風の音~輝く星たち~

「大人」

5歳になる甥っ子の最近の口癖は「大人になりたくなーい」です。皆さんは、どこまでが子供でどこからが大人だと考えますか?私は1人暮らしをして、門限がなくなった時に、大人だ!!と思ったのを覚えています。

半面、今でも、世の中のこんなことも私は知らなかったのかと、子供の頃に思い描いていた大人像から自分がずいぶん離れていることに落ち込みます。

無知であることが、自分の選択肢や自由を狭めているかもしれないと、努力しない自分を反省する一方、恥ずかしながらその反省は継続しないのですが…。

さて、どこまでが子供でどこからが大人だと考えますか?という投げかけは、お察しの通り、血友病の医療費助成が子供と大人で活用する制度が異なることを指しています。

ソーシャルワーカーとして、皆さんに、ご自身が活用なさっている血友病の医療費助成について改めて知っていただきたいと思い、悩んだ末、このテーマにしてみました。というのも、時々「親が手続きしていたからよく分からない」と困っていらしたり、手続きが滞っていたがために、手続き後に再受診なさったり、医療費がかかってしまったりする方がおられるからです。

その前に少しだけ。血友病の医療費助成が公費で0円になるまでには、専門医と患者会の尽力がありました。この制度は先人たちの苦しみや努力の上に成り立ってきた制度です。私は、その当時まだ働いておらず、大変さを共有してきた世代ではないので、私自身も本当の意味で理解はしていないのかもしれませんが、血友病の医療費助成の成り立ちや歴史が、正しく次世代へ紡がれていくことも大事なことのひとつであると思っています。

さて、話を医療費助成に戻します。
血友病で利用する医療費助成制度は4種類。
①公的医療保険(健康保険法)②特定疾病療養受療証(通称マル長、以下マル長/血友病A・Bのみ/健康保険法)③小児慢性特定疾病医療費助成制度(以下小児慢性/基本18歳未満まで、条件により20歳未満まで延長あり/児童福祉法)④先天性血液凝固因子障害等治療研究事業(通称マル血・マル特、以下マル血/難病の患者に対する医療等に関する法律)

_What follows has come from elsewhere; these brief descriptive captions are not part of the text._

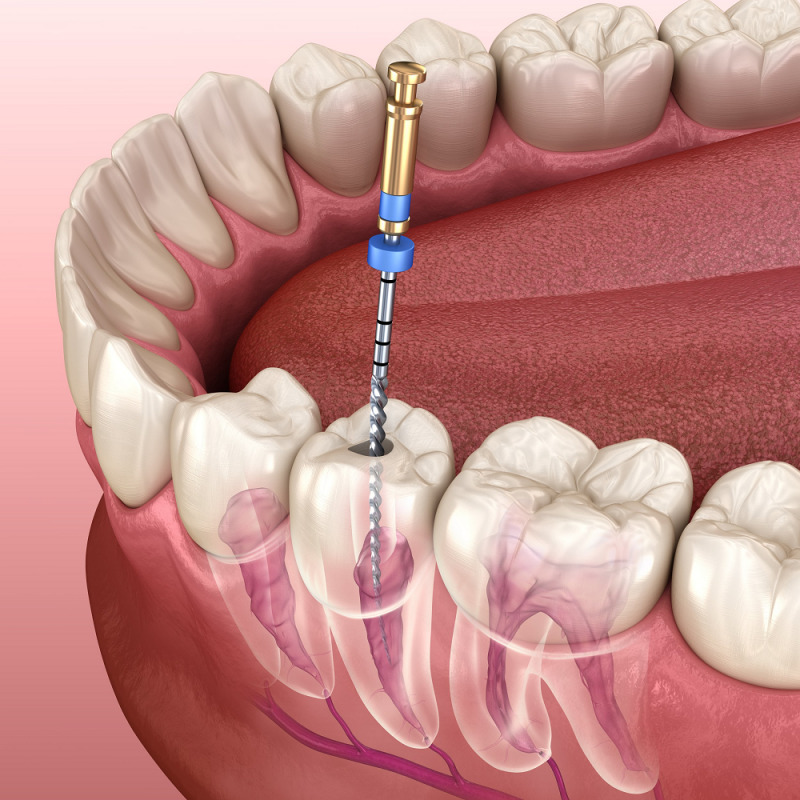درمان آبسه دندان با عصب‌کشی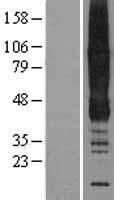 ANKH Protein - Western validation with an anti-DDK antibody * L: Control HEK293 lysate R: Over-expression lysate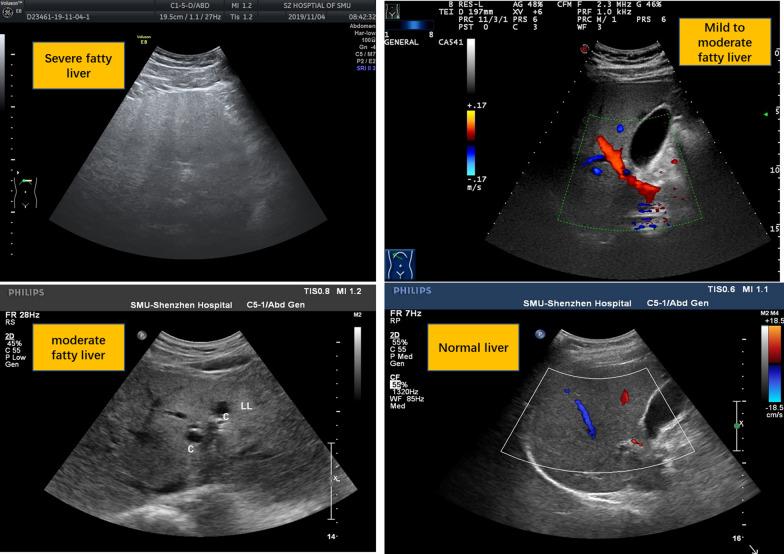 https://cdn.ncbi.nlm.nih.gov/pmc/blobs/6dc4/8276426/75bb43f799a1/13098_2021_697_Fig1_HTML.jpg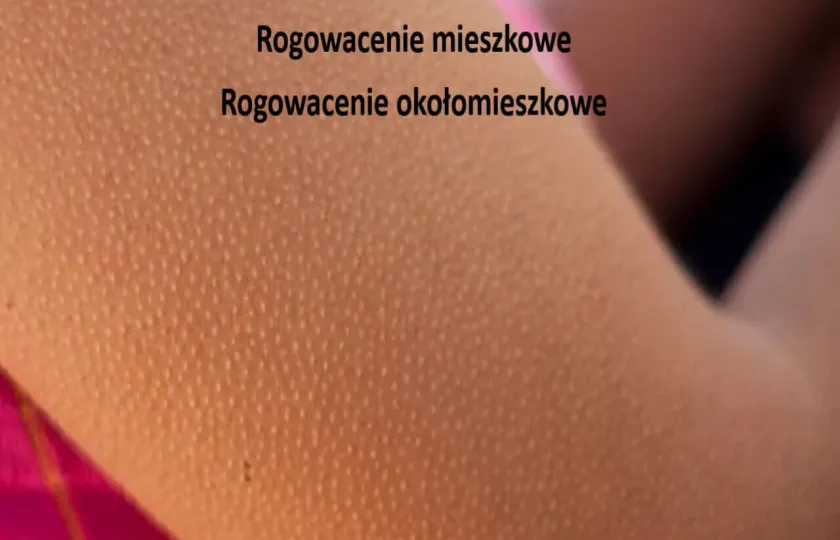 Rogowacenie mieszkowe, rogowacenie okołomieszkowe, gęsia skórka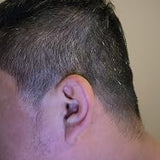 Scalp condition before - Abdul Ali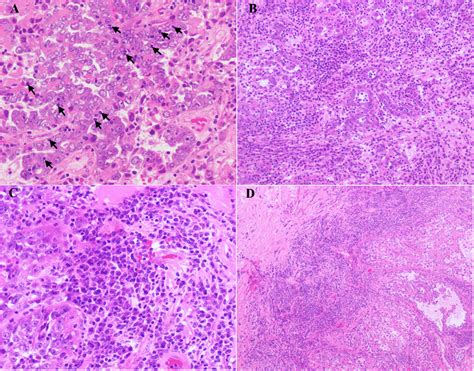 Tumor Infiltrating Lymphocytes TILs A Arrows In Tumor Cells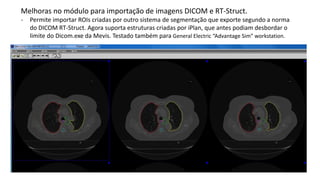 Melhoras no módulo para importação de imagens DICOM e RT-Struct.
- Permite importar ROIs criadas por outro sistema de segmentação que exporte segundo a norma
do DICOM RT-Struct. Agora suporta estruturas criadas por iPlan, que antes podiam desbordar o
limite do Dicom.exe da Mevis. Testado também para General Electric “Advantage Sim” workstation.
 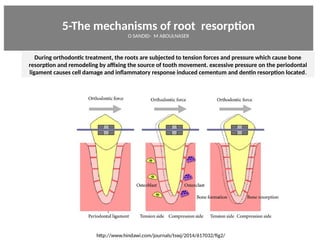 5-The mechanisms of root resorpton
O SANDID- M ABOULNASER
http://www.hindawi.com/journals/tswj/2014/617032/fig2/
During orthodontc treatment, the roots are subjected to tension forces and pressure which cause bone
resorpton and remodeling by affixing the source of tooth movement. excessive pressure on the periodontal
ligament causes cell damage and inflammatory response induced cementum and dentn resorpton located.
External Root resorpton in Orthodontcs-oussama sandid- olivier sandid -o sandid-mohamad aboualnaser-mohamad aboulnaser-m aboualnaser 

この4種類を組み合わせて活用することで医療費負担が0円になる仕組みとなっています。
①+②+③もしくは④(子供は③、大人は④)

なぜ、小児慢性は18歳~20歳までなのか。その答えは制度の根拠法にあります。小児慢性は児童福祉法に基づいており、児童福祉法では〝児童とは、満十八歳に満たない者をいう〟と定められているからです。(但し、小児慢性制度では18歳到達時点で治療と小児慢性制度の継続が必要と認められた場合、20歳未満まで延長が認められます)

また、医療費助成には優先順位があり、下記のように活用すべき順番が定められています。

医療保険>マル長(特定疾病療養受療証)>小児慢性>マル血(先天性血液凝固因子障害等治療研究事業)

そのため、子供は小児慢性、大人になったらマル血となっているのです。年齢以外でも制度切り替えの手続きを要する場面はいくつかあります。就職や転職でご自身の保険証を持った際も、マル長の手続きが必要です。どうでしょうか?少しでも「へぇ~」とか、医療費助成制度について知ろうと思うきっかけになっていただけましたか?青年期になると、親御さんから離れて、一人や友達だけで外出したり、コミュニティも行動範囲も拡大していきます。出先や旅行先で急遽受診が必要になることがあるかもしれませんが、制度を理解しておくことで、安心して楽しんでもらえると思っています。知らなくて損をしたという体験はありませんか?知識は、選択肢と自由と可能性を広げてくれます。これから大人になる皆様へ、大人になるタイミングでご自身の制度を今一度知る機会にしていただけたら嬉しいです。大人として“自分で自分のことを”なさろうと思われた時、ソーシャルワーカーのお手伝いが必要だったらおっしゃってください。私達ソーシャルワーカーの支援が、皆様の生活や人生の豊かさに繋がったらとても嬉しいことです。

「大人になりたくなーい」という甥っ子にも、私自身のことは高く棚にあげながら、「自分のことが自分でできるようになって、大人って楽しいことが増えるよ」、そう伝えてあげようと思います。